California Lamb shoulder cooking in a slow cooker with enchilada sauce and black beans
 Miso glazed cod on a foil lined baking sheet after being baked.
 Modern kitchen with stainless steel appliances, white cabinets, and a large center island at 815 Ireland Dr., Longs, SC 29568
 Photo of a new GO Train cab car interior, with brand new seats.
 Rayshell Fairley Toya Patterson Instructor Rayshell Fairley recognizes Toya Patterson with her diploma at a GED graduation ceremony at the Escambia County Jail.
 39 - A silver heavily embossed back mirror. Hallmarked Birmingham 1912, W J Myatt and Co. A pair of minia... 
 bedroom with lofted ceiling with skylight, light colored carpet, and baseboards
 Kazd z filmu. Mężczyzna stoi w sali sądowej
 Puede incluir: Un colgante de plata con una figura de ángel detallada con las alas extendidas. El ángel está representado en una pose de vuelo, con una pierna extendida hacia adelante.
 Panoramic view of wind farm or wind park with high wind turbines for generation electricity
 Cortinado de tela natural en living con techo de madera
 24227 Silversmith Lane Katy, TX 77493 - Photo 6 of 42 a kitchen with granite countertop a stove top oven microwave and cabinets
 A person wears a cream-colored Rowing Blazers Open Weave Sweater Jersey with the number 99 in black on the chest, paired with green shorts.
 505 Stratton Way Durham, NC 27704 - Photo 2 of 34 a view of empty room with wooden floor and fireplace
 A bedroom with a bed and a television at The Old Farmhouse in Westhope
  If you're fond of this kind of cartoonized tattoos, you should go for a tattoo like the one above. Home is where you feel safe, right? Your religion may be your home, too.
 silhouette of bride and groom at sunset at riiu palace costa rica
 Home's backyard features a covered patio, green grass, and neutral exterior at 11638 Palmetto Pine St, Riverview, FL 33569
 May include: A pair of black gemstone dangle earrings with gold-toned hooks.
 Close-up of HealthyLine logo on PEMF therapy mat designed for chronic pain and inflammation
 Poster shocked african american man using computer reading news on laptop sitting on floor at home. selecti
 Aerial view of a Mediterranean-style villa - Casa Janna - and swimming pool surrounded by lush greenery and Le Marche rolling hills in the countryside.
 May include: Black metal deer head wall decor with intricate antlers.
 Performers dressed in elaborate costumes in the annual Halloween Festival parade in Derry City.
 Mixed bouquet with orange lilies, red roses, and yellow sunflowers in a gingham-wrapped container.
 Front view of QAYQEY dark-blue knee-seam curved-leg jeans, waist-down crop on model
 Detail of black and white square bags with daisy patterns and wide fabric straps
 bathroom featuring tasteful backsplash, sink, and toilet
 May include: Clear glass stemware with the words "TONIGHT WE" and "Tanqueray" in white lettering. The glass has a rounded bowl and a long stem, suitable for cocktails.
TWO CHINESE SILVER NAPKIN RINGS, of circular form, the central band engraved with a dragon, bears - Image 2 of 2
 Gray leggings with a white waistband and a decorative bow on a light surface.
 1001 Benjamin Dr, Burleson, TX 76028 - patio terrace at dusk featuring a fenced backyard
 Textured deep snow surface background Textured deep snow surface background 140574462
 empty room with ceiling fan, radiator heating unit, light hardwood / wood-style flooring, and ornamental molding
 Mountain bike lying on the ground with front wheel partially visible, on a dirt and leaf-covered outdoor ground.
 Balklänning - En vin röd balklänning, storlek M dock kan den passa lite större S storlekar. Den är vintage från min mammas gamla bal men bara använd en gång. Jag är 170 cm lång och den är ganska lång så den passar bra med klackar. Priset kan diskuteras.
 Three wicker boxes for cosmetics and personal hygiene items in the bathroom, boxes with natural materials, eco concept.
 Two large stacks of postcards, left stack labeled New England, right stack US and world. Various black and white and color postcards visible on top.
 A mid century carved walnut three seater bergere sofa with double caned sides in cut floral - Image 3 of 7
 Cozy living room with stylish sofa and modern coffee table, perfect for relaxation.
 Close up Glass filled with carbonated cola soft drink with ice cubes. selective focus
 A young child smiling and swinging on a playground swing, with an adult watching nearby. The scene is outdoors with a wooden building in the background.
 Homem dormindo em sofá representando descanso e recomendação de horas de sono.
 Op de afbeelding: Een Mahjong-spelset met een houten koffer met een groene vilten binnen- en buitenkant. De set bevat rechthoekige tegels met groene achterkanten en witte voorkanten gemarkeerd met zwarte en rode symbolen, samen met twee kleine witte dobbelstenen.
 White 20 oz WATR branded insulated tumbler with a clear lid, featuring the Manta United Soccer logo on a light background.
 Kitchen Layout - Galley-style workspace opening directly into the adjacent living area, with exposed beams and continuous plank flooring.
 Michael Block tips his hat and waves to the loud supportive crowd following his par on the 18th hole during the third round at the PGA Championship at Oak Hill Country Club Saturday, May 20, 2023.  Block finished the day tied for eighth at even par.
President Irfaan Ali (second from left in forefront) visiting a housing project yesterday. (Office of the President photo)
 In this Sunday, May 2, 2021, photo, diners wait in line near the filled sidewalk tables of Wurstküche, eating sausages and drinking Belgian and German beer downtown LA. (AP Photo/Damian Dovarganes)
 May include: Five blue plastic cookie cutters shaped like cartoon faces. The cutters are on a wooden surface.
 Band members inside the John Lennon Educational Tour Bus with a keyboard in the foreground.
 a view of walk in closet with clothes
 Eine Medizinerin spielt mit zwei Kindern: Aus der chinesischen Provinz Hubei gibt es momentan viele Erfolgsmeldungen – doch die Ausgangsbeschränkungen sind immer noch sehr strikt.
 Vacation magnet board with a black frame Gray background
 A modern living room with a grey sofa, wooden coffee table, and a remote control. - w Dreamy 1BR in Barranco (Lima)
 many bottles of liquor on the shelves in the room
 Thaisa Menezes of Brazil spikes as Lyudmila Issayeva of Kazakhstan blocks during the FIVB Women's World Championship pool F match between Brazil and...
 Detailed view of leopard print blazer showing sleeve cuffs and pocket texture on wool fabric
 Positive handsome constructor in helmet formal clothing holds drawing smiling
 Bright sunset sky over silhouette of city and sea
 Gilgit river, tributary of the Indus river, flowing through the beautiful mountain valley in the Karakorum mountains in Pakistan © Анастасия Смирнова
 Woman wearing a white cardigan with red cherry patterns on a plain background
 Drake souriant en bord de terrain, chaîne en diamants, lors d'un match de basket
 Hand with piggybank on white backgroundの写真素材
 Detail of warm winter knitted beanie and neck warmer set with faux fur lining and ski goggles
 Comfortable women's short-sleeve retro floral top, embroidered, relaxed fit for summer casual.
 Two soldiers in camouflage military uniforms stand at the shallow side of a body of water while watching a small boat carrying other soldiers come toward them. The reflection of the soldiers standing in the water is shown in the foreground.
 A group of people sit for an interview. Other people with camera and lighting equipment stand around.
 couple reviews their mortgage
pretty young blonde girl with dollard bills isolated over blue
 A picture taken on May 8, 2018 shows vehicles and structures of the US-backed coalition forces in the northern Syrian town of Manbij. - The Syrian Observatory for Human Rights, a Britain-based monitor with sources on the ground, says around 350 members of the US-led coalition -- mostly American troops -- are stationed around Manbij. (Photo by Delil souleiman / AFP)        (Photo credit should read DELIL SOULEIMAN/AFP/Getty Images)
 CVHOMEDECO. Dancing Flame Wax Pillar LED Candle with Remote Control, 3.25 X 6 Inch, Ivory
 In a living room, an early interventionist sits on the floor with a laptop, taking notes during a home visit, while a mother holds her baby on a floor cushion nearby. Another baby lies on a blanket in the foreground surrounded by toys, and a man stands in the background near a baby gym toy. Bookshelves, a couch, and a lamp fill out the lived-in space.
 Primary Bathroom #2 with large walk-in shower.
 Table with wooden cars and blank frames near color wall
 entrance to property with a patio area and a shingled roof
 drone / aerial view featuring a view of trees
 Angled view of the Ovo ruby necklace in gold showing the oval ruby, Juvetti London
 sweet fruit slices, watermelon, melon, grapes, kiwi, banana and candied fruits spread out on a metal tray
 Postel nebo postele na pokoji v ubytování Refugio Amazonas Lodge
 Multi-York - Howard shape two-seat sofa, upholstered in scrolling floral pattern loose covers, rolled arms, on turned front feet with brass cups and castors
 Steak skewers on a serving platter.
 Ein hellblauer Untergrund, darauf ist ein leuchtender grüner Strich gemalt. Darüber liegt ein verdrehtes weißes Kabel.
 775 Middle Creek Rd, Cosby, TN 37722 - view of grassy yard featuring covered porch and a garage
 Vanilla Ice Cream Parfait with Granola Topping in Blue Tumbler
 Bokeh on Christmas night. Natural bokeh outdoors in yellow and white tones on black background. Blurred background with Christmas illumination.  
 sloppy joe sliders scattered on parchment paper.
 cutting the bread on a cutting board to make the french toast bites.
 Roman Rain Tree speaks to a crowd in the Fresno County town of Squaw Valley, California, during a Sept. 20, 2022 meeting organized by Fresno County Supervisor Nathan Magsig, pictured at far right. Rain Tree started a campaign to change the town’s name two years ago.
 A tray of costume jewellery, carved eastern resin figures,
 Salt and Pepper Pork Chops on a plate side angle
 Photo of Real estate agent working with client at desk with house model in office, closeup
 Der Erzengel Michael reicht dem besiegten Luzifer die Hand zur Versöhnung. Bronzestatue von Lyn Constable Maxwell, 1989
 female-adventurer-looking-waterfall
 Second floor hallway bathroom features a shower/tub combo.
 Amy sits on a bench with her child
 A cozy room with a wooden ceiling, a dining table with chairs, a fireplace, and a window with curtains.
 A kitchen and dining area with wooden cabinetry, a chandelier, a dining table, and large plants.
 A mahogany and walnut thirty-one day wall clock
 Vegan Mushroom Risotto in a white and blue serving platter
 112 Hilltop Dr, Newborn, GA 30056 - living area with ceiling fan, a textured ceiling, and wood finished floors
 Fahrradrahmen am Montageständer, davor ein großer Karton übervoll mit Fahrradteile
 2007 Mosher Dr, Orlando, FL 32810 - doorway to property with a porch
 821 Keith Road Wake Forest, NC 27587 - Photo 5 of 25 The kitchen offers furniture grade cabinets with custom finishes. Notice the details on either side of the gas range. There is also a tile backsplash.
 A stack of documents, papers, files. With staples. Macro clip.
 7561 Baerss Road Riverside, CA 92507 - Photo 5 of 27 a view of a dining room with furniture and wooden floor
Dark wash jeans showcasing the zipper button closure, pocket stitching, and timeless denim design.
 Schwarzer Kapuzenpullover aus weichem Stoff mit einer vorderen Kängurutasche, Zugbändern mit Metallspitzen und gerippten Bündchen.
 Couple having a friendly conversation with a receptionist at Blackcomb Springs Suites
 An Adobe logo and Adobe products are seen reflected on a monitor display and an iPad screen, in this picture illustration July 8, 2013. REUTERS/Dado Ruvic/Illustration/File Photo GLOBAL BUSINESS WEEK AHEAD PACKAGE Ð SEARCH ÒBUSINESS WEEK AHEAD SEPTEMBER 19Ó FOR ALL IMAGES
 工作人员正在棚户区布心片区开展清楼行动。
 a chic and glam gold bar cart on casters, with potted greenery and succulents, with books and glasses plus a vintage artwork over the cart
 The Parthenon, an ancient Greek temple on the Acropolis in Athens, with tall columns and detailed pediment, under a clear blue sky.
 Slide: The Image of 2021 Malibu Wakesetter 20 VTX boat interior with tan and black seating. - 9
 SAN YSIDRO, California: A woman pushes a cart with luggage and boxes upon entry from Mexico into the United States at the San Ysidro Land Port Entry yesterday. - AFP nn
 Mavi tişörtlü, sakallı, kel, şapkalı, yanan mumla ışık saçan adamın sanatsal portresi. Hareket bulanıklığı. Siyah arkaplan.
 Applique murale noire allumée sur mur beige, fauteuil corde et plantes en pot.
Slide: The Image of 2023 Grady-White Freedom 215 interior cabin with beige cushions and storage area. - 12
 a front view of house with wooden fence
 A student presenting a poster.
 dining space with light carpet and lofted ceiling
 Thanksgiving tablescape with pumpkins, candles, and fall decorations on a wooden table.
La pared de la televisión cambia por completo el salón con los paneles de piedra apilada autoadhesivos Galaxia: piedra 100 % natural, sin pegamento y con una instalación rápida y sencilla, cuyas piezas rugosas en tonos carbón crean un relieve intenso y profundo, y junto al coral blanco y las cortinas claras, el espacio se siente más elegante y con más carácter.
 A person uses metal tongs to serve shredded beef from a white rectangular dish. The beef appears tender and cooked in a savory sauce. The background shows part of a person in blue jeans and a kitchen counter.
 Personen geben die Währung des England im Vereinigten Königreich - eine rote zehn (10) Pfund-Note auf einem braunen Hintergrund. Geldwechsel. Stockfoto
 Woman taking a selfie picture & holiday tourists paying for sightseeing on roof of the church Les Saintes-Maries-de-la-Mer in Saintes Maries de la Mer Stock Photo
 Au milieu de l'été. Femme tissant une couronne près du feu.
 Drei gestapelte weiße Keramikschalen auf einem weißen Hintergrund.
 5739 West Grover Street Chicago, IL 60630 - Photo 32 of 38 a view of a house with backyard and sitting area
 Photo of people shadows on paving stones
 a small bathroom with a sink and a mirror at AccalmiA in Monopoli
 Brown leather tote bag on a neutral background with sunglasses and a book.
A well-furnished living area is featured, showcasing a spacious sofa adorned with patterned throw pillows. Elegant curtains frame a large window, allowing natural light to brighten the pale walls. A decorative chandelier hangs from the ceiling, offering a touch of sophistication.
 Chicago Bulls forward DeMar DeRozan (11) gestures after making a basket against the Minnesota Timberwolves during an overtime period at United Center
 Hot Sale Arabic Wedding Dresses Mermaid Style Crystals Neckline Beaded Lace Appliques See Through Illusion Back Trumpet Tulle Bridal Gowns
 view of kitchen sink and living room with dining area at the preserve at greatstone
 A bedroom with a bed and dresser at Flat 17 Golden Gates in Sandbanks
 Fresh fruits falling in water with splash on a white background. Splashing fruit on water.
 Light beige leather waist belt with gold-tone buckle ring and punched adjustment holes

→ DESCRIPTION OF THE TASK: Print exactly the lines above, between the one holding "Roman Rain Tree" and the one holding "2007 Mosher Dr, Orlando, FL", inclusive, and nothing besides.

→ EXERCISE SOLUTION:
 Roman Rain Tree speaks to a crowd in the Fresno County town of Squaw Valley, California, during a Sept. 20, 2022 meeting organized by Fresno County Supervisor Nathan Magsig, pictured at far right. Rain Tree started a campaign to change the town’s name two years ago.
 A tray of costume jewellery, carved eastern resin figures,
 Salt and Pepper Pork Chops on a plate side angle
 Photo of Real estate agent working with client at desk with house model in office, closeup
 Der Erzengel Michael reicht dem besiegten Luzifer die Hand zur Versöhnung. Bronzestatue von Lyn Constable Maxwell, 1989
 female-adventurer-looking-waterfall
 Second floor hallway bathroom features a shower/tub combo.
 Amy sits on a bench with her child
 A cozy room with a wooden ceiling, a dining table with chairs, a fireplace, and a window with curtains.
 A kitchen and dining area with wooden cabinetry, a chandelier, a dining table, and large plants.
 A mahogany and walnut thirty-one day wall clock
 Vegan Mushroom Risotto in a white and blue serving platter
 112 Hilltop Dr, Newborn, GA 30056 - living area with ceiling fan, a textured ceiling, and wood finished floors
 Fahrradrahmen am Montageständer, davor ein großer Karton übervoll mit Fahrradteile
 2007 Mosher Dr, Orlando, FL 32810 - doorway to property with a porch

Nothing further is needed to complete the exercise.